Soy Sauce and Apricots Did Me In

We’re about to enter our 22nd month of not buying food at the grocery store. The 22nd month. Nearly 2 years of avoiding processed food. I documented the first year over at our other blog, A Year Without Groceries, but have pretty much tapered off to a once a month cheese challenge post over there. It was too much to keep up both blogs especially right now when I’m in the midst of the worst writers block I’ve ever had. It’s why I haven’t posted much lately so forgive me.
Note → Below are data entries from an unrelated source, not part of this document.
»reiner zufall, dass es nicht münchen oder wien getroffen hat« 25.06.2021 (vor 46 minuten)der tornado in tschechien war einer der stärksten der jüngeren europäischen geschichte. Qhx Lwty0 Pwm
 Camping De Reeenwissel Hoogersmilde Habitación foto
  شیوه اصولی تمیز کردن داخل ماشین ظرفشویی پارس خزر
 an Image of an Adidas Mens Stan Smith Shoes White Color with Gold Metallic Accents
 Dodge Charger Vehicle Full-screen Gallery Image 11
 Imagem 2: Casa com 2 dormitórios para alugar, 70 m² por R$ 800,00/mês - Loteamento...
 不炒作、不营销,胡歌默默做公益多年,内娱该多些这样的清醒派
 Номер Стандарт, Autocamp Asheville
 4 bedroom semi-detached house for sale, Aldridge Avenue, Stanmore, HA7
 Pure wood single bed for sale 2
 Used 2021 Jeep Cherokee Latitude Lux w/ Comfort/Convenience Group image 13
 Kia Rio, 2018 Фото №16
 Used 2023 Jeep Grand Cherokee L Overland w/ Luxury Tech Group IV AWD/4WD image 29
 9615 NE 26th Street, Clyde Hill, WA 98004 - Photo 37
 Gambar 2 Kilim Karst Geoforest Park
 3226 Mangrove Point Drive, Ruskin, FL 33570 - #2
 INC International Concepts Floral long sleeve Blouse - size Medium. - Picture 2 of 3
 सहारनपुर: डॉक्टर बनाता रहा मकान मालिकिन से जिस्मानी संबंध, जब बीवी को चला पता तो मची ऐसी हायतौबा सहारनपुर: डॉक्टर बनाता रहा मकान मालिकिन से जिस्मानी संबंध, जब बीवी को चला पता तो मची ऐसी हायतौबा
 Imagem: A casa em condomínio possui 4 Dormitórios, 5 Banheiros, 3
Last week we decided to make some stir-fry for dinner from one of the wild turkeys that Tom had gotten last turkey season but we were out of soy sauce. We ended up digging out old, and I mean really old – in the realm of over 3 years old – packets of soy sauce that Tom had come across in our camping box. Looking back at it I realize it was pretty ridiculous and we probably should have just made something else for dinner.

And then this weekend our apricot tree decided it was time for us to take her bounty before the squirrels and birds descended upon her to clean her out. 70lbs of apricots came off of our little tree. My friend, Brandy, and I spent all day Sunday processing 60lbs of them. We made preserves, canned some in syrup, dried them and froze some. I stood there in my kitchen with 5 gallon buckets filled to the brim with apricots, no room to store them and not enough sugar or honey to process them. I had to use brown sugar instead, which I had just enough of to do a second batch of preserves.

This past weekend I had come to a realization. I chatted about it extensively with some of my homesteading/foodie friends to get their opinion. I talked with Tom quite a bit about it as well. I feel better about my decision and want to be upfront about it with all of you. I can’t do it all. I can’t make it all and I most certainly can’t bend the will of nature. If we want to preserve what we produce we can’t wait until our next buying club order which could be a month away or the next time we can harvest honey from our bees. There are some things I just can’t make efficiently (and sometimes legally) like soy sauce, fish sauce, hard alcohol, 5% acidity vinegar, cane sugar, etc. We’ve proven that we can give up the grocery store for nearly 2 years. We had to sacrifice the foods we loved because we couldn’t make them ourselves. So the decision has been made.

We’re going back to the grocery store. But there will be a big difference between going to the grocery store now versus the grocery store trips before our project. We will limit our trips to stores that we feel are more responsible. That means no Safeway or Lucky’s. Also we will not be purchasing baked goods, produce, meat, milk or eggs from the grocery store. And definitely no “convenience” foods. We will only be buying that which we can’t make or grow at home (like wheat and sugarcane). If we can make it, grow it or buy it directly from a farmer we won’t be buying it from the store.

To be honest, I was worried about discussing this here. One of my friends asked if I was concerned about losing readership because of this change. I was concerned but decided that it is more important that I be upfront and honest with my readers than just pretend everything is the same.